CMO Momentum panel: How CMOs can retain creativity

Marketing leaders from Kraft Heinz, Sport Australia and Forever New share the ways they're striving for creativity both in terms of culture as well as creative execution

From left: Sport Australia's Louise Eyres, Forever New's Diane Belan, Kraft Heinz's Shalabh Atray and CMO's Nadia Cameron
From left: Sport Australia's Louise Eyres, Forever New's Diane Belan, Kraft Heinz's Shalabh Atray and CMO's Nadia Cameron


Creative-led versus performance marketing

Yet evidence has been stacking up that creativity in the advertising and media sphere at least, appears to be declining.

A 2016 study authored by Peter Field for the IPA and WARC found the number of short-term campaigns had quadrupled to 30 per cent, while budget investment behind creativity (as measured by extra share of voice) fell by around 12 percentage points. The knock-on impact was that brand fame effects declined for the first time and the efficiency multiplier fell from 12 in 2010 to around six in 2014.

Related: Binet: Digital has skewed marketers too far into sales-driven advertising

In other words, long-term, fully-funded campaigns were as effective as ever but there were fewer of them getting made. Which raises the question: Why is it still so hard to get those creative campaigns across the line and get buy-in?

“I think CMOs have to do a much better job of presenting evidence to show long-term brand building,” Atray said in response. “When you hear some of the best professors in this country talk about it, they have the best evidence we need those creative media and campaigns. It’s like there’s two streams running: There’s academia, and the industry, and the two aren’t coming together.

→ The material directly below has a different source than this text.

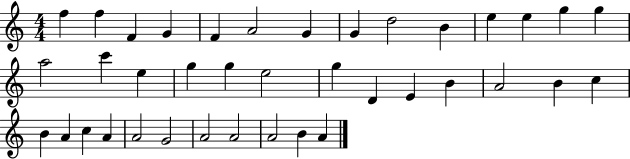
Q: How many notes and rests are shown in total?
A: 38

“There is tonnes of evidence showing if you invest in long-term, and create a healthy athlete let’s say, versus one on steroids, it’s more sustainable. We do get so caught up in the short term that we don’t have the time or advocacy of data for the long term.”

For Atray, talking through great examples of brands globally achieving this, is paramount. “We need to take time, go to our boards and educate them about it. We need to talk to them about how a Nike or Coca-Cola is built. And there has to be a balance of short term and long term. It’s not one or the other,” he said.  

In selling the vision for Sport Australia’s recent big ‘Move It’ launch nationally, Eyres said one ways she gained permission to do things differently was out-of-category expertise.

“There’s this ability and permission as marketers, when you come in to a different industry or sector, to not take on the norms or pre-existing myths of that category,” she said. “We were also fortunate the Government had articulated a 2030 Sport and Physical activity strategy. We were coming in with that and launched the new brand and program off the back of this 12-year vision and government policy.

“To that short and long-term approach, we have been able to tackle everything from under Sport 2030, and use that as air cover for the transformation.”

A further way Sport Australia is balancing short and long-term is by working with state governments. “We can take that long-term view build brand and position and what we hope to be the next ‘Quit’ or ‘Sun Smart’ initiative, to change the nation. The states then, through short-term activities and programs, are our partners,” Eyres said.  

As a final way of getting buy-in, Eyres noted her team’s ability to sell in behaviour change.

“We have a target to get 210,000 Australian every year to achieve physical activity guidelines in order to achieve our over-arching ambitions. So we can talk about it in very quantifiable behaviour change metrics, and hold ourselves to account,” she said.

“That resonated more in driving the change and getting investment and licence, than potentially doing something more in the language of campaigns or brand. With our board, made up of Olympians and investment bankers, you have to sell in with a language that will resonate with them.”  

Belan saw sophistication of performance marketing in terms of targeting and measurement as key to their dominance and agreed it was difficult to sell in a broader and more strategic brand approach.  

“In retail, we’re often looking at trading numbers by the day, even by the hour. So you want to show what you’re doing is effective. But I’m also a proponent of brand health and development. I struggle to find the balance,” she said.

As Belan works on a pitch for Forever New to launch a brand-led program of work in the US, she’ll be investing in pre- and post- research to ensure the numbers back her up. This will include current level of awareness of brand relative to competitors, as well as consideration, attributes and so on.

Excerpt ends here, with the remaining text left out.